A simple new experiment shows how tiny ultrasound shaking at the interfaces between two objects will lower the friction between them – and in some cases, can induce sudden, large jerky motions

New York | Heidelberg, 15 February 2023

Journal cover: The European Physical Journal EWhen high-frequency shaking occurs at an interface between two solids, recent experiments have revealed that the frictional forces between the objects can be weakened. Through a simple new experiment detailed in EPJ E, Julien Léopoldès at Université Gustave Eiffel, Marne la Vallée (formerly at ESPCI Paris) has discovered that mechanical vibrations also enhance structural aging in these systems, and can sometimes trigger sudden, jerking motions. The results could lead to a better understanding of how buildings are weakened by ambient vibrations, and may also help geologists to draw new insights into the mechanisms responsible for triggering earthquakes and landslides.
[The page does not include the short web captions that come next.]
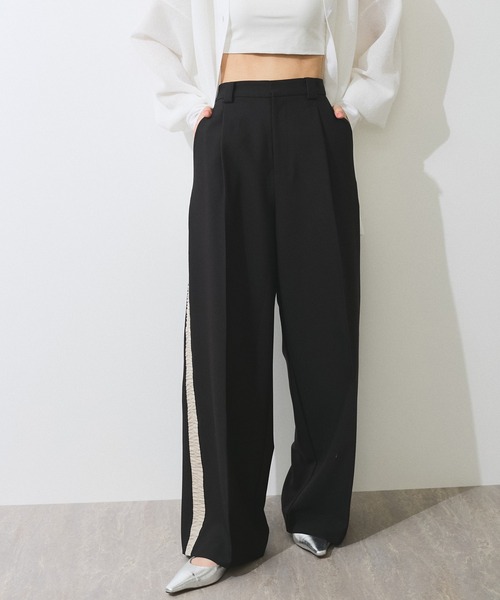 ADAM ET ROPE'（アダムエロペ）の「【WEB限定】サイドシャーリングラインワイドパンツ（その他パンツ・レディース・ベージュ系その他/ブラック・34/38/36）」の20枚目の写真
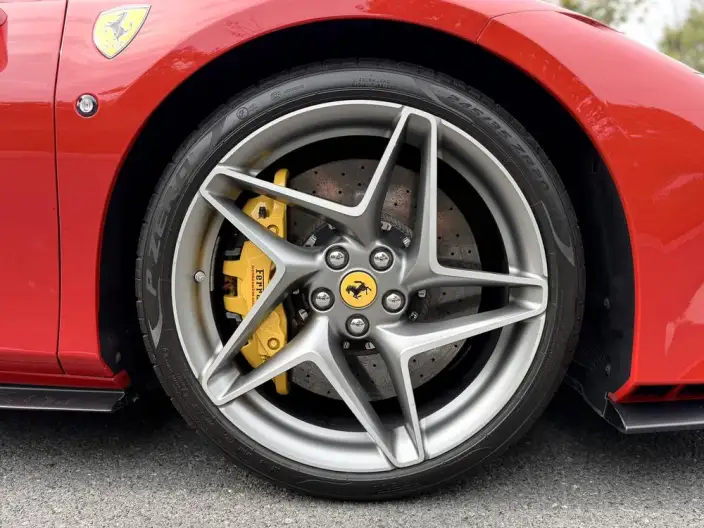 Ferrari F8 2019 Model Tributo 3.9T V8 – фото 9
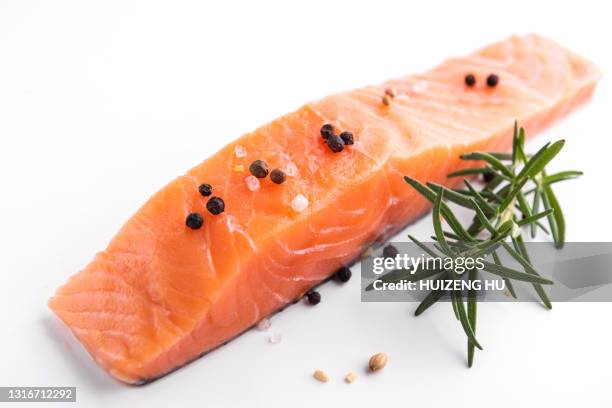 fresh salmon fish fillet. raw salmon fillets pepper salt dill and rosemary on white - lachs stock-fotos und bilder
Elastic waves due to human activity and earthquakes can be found ambiently in the environment and are known to induce fracture. To learn more about their influence, Léopoldès constructed an experiment involving a plastic slider with a roughened surface. Using a spring, the slider was driven over a smooth glass slide at a carefully controlled velocity – ranging between 1 nanometre and 1 centimetre per second. The glass slide was itself attached to an ultrasound transducer – which produced shear vibrations, parallel to its interface with the slider.

In his experiment, Léopoldès measured the frictional forces experienced by the plastic slider as he varied the velocities applied by the spring. As he predicted, the high frequency shaking lowered the friction experienced by the slider – but at lower sliding velocities, he also found that the vibrations were enough to destabilise the entire system. In these jerky ‘stick-slip’ motions, the slider remained static at first, but then moved suddenly as its stored energy was all released at once. These discoveries could deepen our understanding of how the interfaces at the contact between solids are affected by travelling waves, and may also have important applications in fields including geology and structural engineering.

References: Léopoldès, J. Sliding friction perturbed by shear ultrasound vibrations: dynamic lubrication and overaging. Eur. Phys. J. E 45, 99 (2022).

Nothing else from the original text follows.